Exercise data:

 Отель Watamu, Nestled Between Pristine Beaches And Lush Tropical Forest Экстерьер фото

...

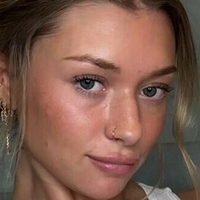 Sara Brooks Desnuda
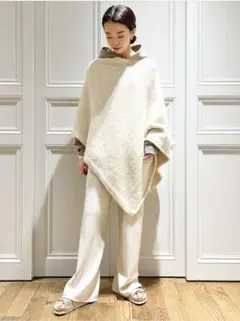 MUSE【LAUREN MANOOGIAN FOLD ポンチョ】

What is expected:
Using the entries above, transcribe exactly from the line that has "Sara Brooks Desnuda" through the line that has "MUSE【LAUREN MANOOGIAN FOLD ポンチョ】". Pictures are dropped.

Answer section:
 Sara Brooks Desnuda
 MUSE【LAUREN MANOOGIAN FOLD ポンチョ】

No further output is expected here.